Instructions to follow - Once the line with "Vintage-Inspired Gold Necklace" is found in the entries below, print it and each following line exactly, stopping after the line with "3 BROTHER'S Beach Farm House"; print nothing else.

[[ Data for this task, beginning ]]

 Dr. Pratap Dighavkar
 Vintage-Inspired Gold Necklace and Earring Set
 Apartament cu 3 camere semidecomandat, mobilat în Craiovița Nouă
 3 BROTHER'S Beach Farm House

[[ Data for this task, end ]]
[[ Data for this task, beginning ]]

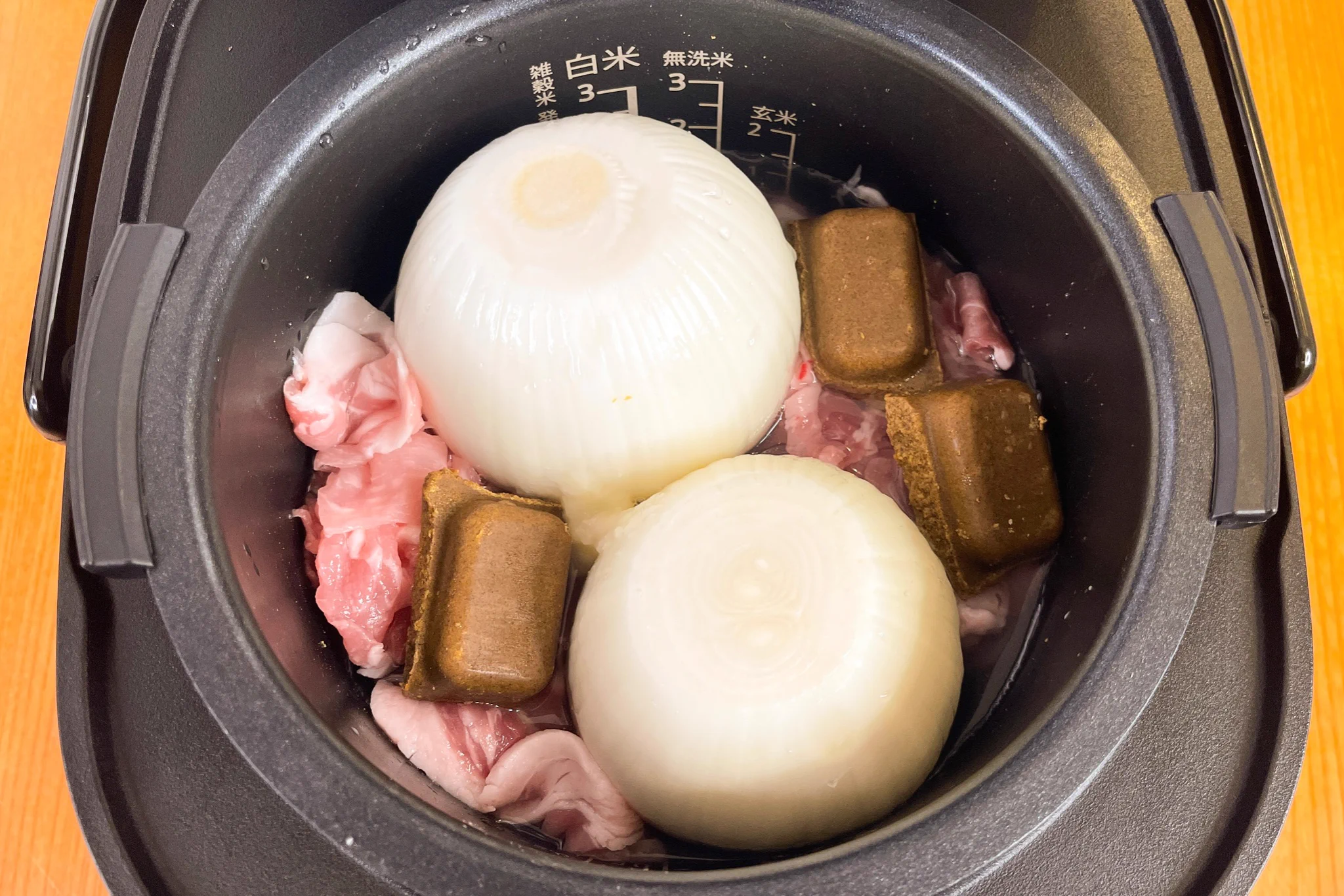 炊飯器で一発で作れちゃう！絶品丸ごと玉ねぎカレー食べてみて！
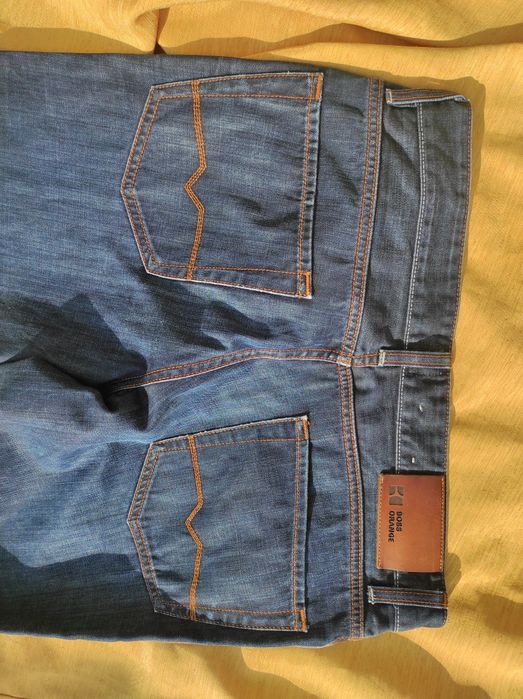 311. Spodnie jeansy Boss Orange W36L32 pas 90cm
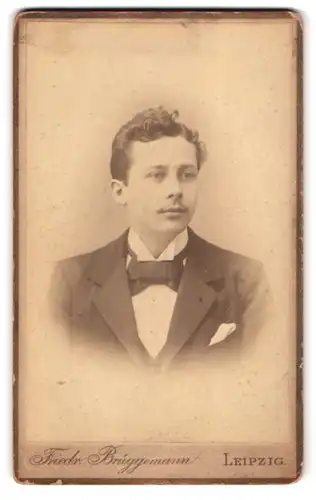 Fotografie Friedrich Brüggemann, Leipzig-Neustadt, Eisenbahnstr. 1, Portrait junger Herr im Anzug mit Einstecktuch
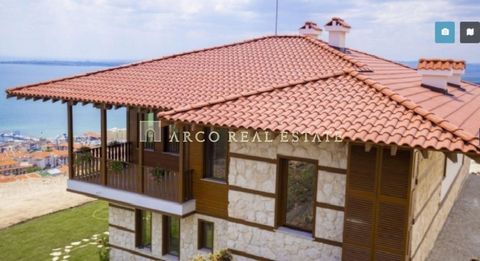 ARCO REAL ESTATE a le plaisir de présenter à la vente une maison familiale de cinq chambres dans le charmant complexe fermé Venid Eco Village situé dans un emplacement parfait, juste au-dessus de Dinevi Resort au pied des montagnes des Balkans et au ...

[[ Data for this task, end ]]

Task output -
 Vintage-Inspired Gold Necklace and Earring Set
 Apartament cu 3 camere semidecomandat, mobilat în Craiovița Nouă
 3 BROTHER'S Beach Farm House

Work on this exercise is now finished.